Prep 15 mins
Cook 40 mins
This is a very rich dessert, it could easily serve 18 people. An old friend of mine used to make this for special occasions, I think she found it in Mr. Food magazine years ago. I like that you don't have to fuss with a springform pan or crushing cookies for the crust. Make sure you use the rolls of cookie dough and not the break and bake variety. The instructions say to refrigerate for 4 hrs before serving but we have eaten it after only cooling it for an hour on the counter and that is a whole new treat in itself.
- Preheat oven to 350 degrees.
- Grease 9x13 nonstick cake pan. Glass works best.
- In a large bowl beat cream cheese, eggs, sugar, and vanilla with an electric mixer. Set aside.

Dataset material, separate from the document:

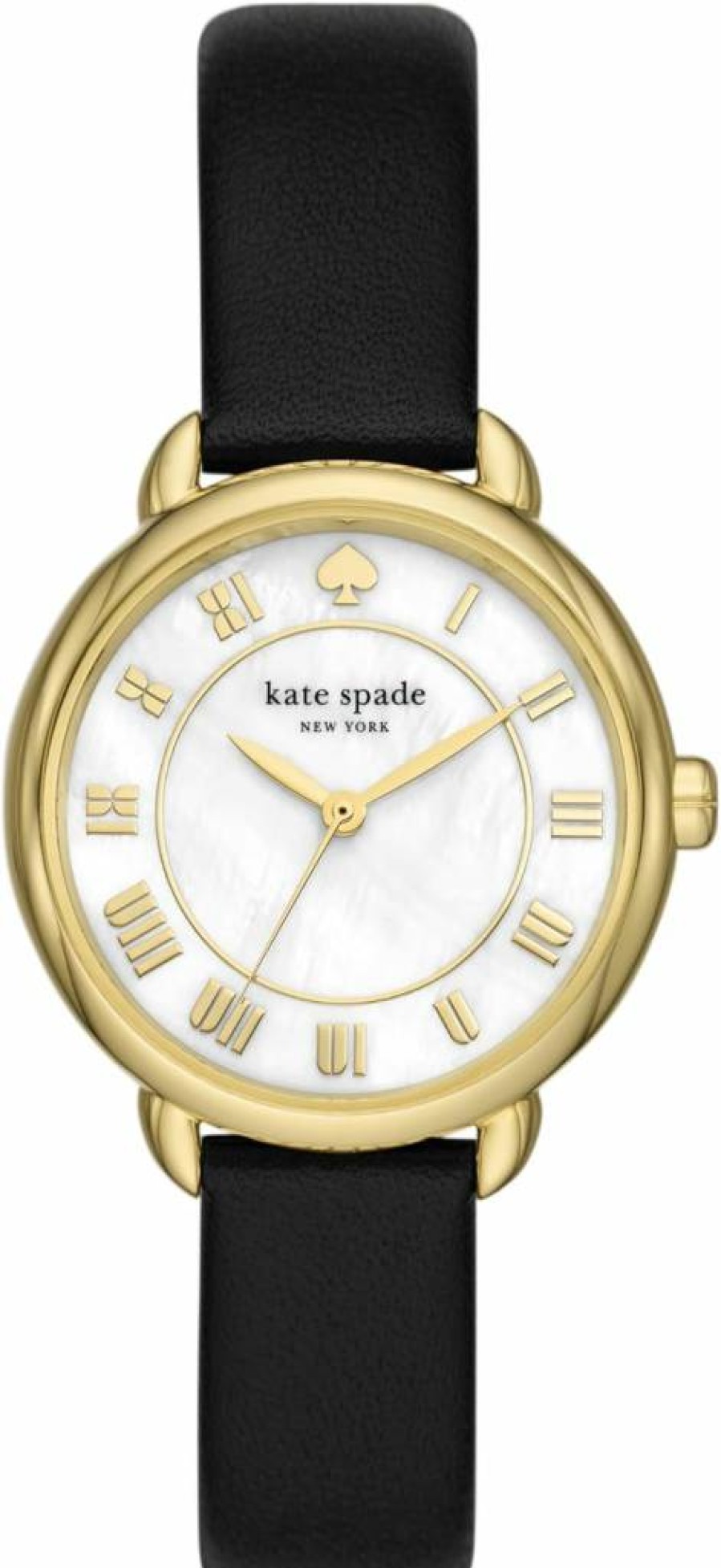 Kate Spade New York Lily Avenue Women's Stainless Steel & Leather Band Watch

- Using 1 1/2 to 2 packages of the cookie dough, cut dough into slices and arrange in a single layer in the baking pan. Press the dough into the bottom of the pan to make the crust of the cheesecake. Make sure there are no holes.
- Pour the cream cheese mixture evenly over the bottom crust.
- Cut the remaining cookie dough into slices.
- Arrange cookie slices ontop of the cream cheese mixture, spacing them evenly like you would when baking cookies on a cookie sheet.
- Bake at 350 degrees for 40-50min. The center will not be completly set.
- Refrigerate at least 4hrs before serving.
This is RICH. I agree that the the cookie slices on top aren't necessary - just eat the extra dough raw! : ) I brought this to a superbowl party and had to promise to email the recipe to five people. Very tasty - THANKS!